Mi fa sempre strano parlare dei film di cui parlano tutti, perchè di solito le mie recensioni allo stato brado di film e serie tv sono accolte dai soliti affezionati. In questi casi è diverso.
Comunque i due pensieri cardine che leggo in giro sono la parata di stelle e la metafora geniale del coviddi.

Nessuno, davvero nessuno, ha cercato di contestualizzare il film all’interno della filmografia di McKay. Che così sembra un “coglione” capitato per caso a dirigere ‘sto ben di Dio di attori nel film di punta di Netflix dell’intero 2021. Quando invece lui è una punta di diamante della commedia nera e brillante americana degli ultimi decenni. Uno che ha fatto “The Big Short” e “Vice” per dire, ma anche prodotto e co-diretto la più caustica e spietata serie HBO del decennio (“Succession”). Insomma uno che conosce benissimo la modernità , politica, finanziaria, etc etc etc.
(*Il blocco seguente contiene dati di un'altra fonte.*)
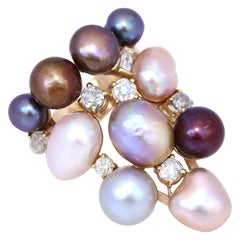 Pearls Diamonds Anyfinger Gold Ring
Ma anche uno che prima faceva commedie demenziali che spaccano col Frat Pack.

Ecco rammentare chi McKay sia aiuta a contestualizzare l’opera. Che in effetti è proprio un mix tra le sue ultime produzioni “intelligenti” e quelle in compagnia di Ferrel.
Questo per dire che a Sorrentino tutti a fargli le pulci, a presupporre addirittura cosa volesse fare e se ci sia riuscito, di McKay invece fottesega chi è.
Rammentarlo mi fa poi dubitare che il film sia una metafora di coviddi, no vax e bla bla bla, bensì un discorso più generale, divertito e impertinente, sull’idiozia del dibattito ai tempi del metaverso. Che tutta questa voglia di parlare del film, spesso pecorecciamente, come per schierarsi tra gli intelligenti, conferma.

Il film è molto divertente, troppo troppo lungo, e decisamente non tra i migliori del regista e autore.
Alcune gag sono geniali e molti dei personaggi molto riusciti. Con quello di Jonah Hill a torreggiare sul resto del mucchio.
Alcuni altri proprio non li ho digeriti (quello di Rylance, quello della Streep), troppo sopra le righe, anche in un contesto del genere.